# Exercise prompt
The records follow. Print, word for word, the first line through the "2016 FORD FOCUS" line.
╭─ Given data
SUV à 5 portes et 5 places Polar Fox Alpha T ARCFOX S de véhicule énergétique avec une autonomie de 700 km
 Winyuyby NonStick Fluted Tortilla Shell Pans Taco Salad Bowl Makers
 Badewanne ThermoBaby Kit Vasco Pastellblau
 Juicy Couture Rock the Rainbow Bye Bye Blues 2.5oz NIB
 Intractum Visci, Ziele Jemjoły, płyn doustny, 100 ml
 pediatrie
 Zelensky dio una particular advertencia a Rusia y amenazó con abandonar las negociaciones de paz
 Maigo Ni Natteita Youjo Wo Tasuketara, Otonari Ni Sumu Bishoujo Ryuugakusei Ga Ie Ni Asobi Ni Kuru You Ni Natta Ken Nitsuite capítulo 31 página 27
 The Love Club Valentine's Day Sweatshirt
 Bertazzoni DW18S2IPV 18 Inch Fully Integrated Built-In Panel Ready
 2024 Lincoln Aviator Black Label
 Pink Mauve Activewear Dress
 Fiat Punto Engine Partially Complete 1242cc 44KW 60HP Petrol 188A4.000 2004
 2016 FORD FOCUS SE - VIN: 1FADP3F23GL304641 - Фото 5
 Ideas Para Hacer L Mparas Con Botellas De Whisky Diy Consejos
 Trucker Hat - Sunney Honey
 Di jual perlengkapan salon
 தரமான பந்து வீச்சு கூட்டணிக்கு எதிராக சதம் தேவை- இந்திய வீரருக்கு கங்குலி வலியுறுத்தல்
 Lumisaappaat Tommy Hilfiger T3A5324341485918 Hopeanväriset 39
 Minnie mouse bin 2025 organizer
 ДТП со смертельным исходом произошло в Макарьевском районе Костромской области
╰─
# Output for this task
SUV à 5 portes et 5 places Polar Fox Alpha T ARCFOX S de véhicule énergétique avec une autonomie de 700 km
 Winyuyby NonStick Fluted Tortilla Shell Pans Taco Salad Bowl Makers
 Badewanne ThermoBaby Kit Vasco Pastellblau
 Juicy Couture Rock the Rainbow Bye Bye Blues 2.5oz NIB
 Intractum Visci, Ziele Jemjoły, płyn doustny, 100 ml
 pediatrie
 Zelensky dio una particular advertencia a Rusia y amenazó con abandonar las negociaciones de paz
 Maigo Ni Natteita Youjo Wo Tasuketara, Otonari Ni Sumu Bishoujo Ryuugakusei Ga Ie Ni Asobi Ni Kuru You Ni Natta Ken Nitsuite capítulo 31 página 27
 The Love Club Valentine's Day Sweatshirt
 Bertazzoni DW18S2IPV 18 Inch Fully Integrated Built-In Panel Ready
 2024 Lincoln Aviator Black Label
 Pink Mauve Activewear Dress
 Fiat Punto Engine Partially Complete 1242cc 44KW 60HP Petrol 188A4.000 2004
 2016 FORD FOCUS SE - VIN: 1FADP3F23GL304641 - Фото 5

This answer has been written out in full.